* Exercise directions
The text of every record, exactly as given and with no pictures, should be your output.

* Records for this exercise
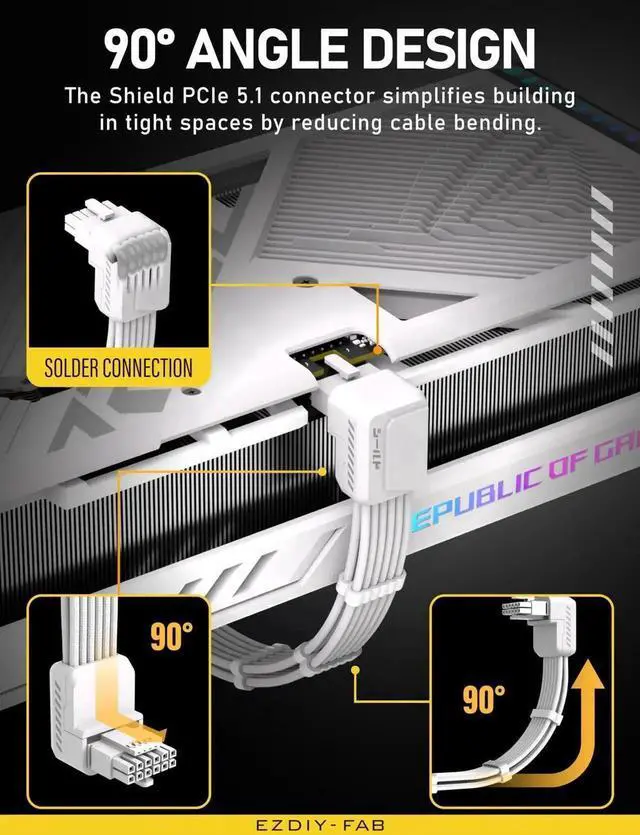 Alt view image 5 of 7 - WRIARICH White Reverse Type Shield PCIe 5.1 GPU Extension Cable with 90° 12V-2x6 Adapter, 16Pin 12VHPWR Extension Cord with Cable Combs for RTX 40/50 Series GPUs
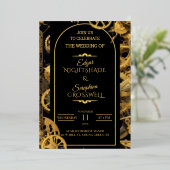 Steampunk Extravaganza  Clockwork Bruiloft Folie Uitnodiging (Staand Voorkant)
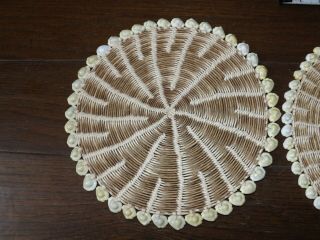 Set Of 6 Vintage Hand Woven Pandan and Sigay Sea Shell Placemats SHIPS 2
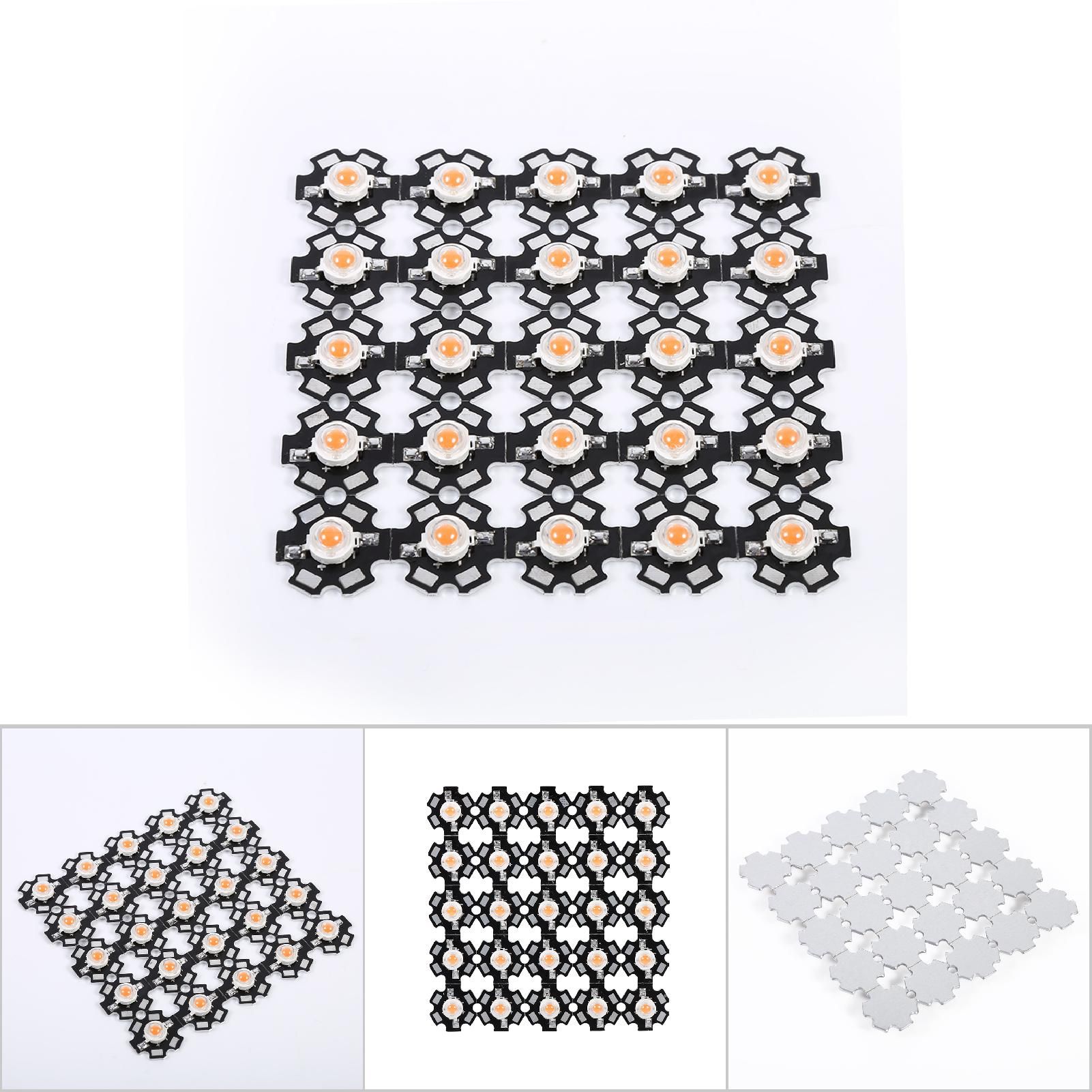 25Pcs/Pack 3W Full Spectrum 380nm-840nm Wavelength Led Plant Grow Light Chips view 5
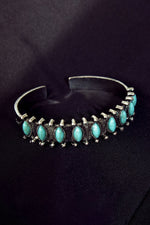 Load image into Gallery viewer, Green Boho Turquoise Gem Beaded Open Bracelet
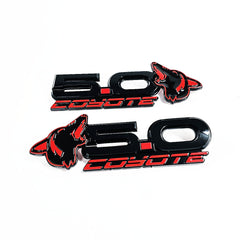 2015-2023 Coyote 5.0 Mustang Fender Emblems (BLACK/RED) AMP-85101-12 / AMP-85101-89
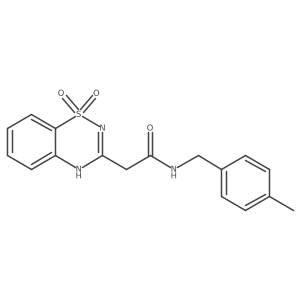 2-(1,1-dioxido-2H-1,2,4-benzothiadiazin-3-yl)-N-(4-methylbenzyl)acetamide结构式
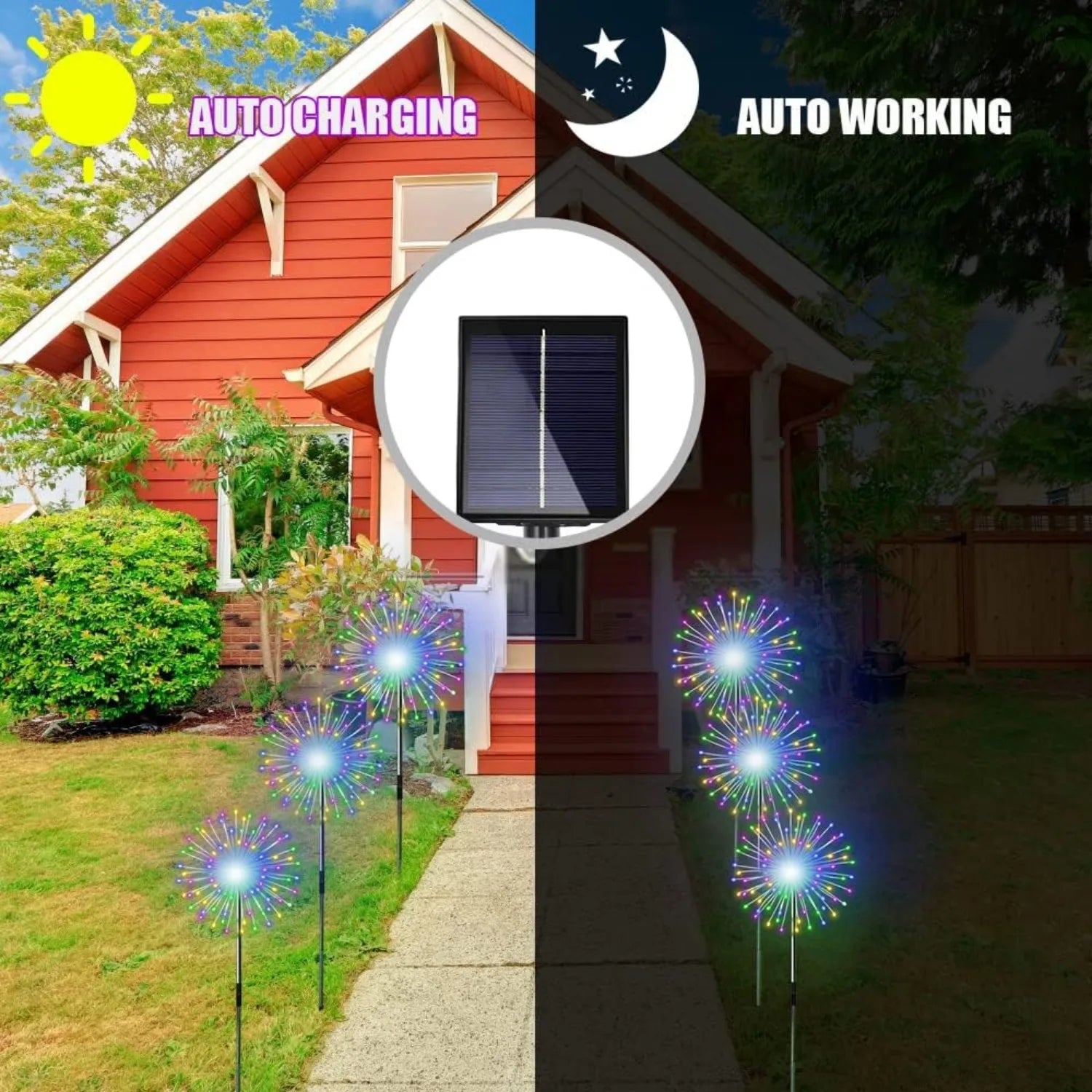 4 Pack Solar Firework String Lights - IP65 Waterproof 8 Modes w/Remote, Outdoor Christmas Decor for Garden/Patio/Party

* Output for this task
 Alt view image 5 of 7 - WRIARICH White Reverse Type Shield PCIe 5.1 GPU Extension Cable with 90° 12V-2x6 Adapter, 16Pin 12VHPWR Extension Cord with Cable Combs for RTX 40/50 Series GPUs
 Steampunk Extravaganza  Clockwork Bruiloft Folie Uitnodiging (Staand Voorkant)
 Set Of 6 Vintage Hand Woven Pandan and Sigay Sea Shell Placemats SHIPS 2
 25Pcs/Pack 3W Full Spectrum 380nm-840nm Wavelength Led Plant Grow Light Chips view 5
 Load image into Gallery viewer, Green Boho Turquoise Gem Beaded Open Bracelet
 2015-2023 Coyote 5.0 Mustang Fender Emblems (BLACK/RED) AMP-85101-12 / AMP-85101-89
 2-(1,1-dioxido-2H-1,2,4-benzothiadiazin-3-yl)-N-(4-methylbenzyl)acetamide结构式
 4 Pack Solar Firework String Lights - IP65 Waterproof 8 Modes w/Remote, Outdoor Christmas Decor for Garden/Patio/Party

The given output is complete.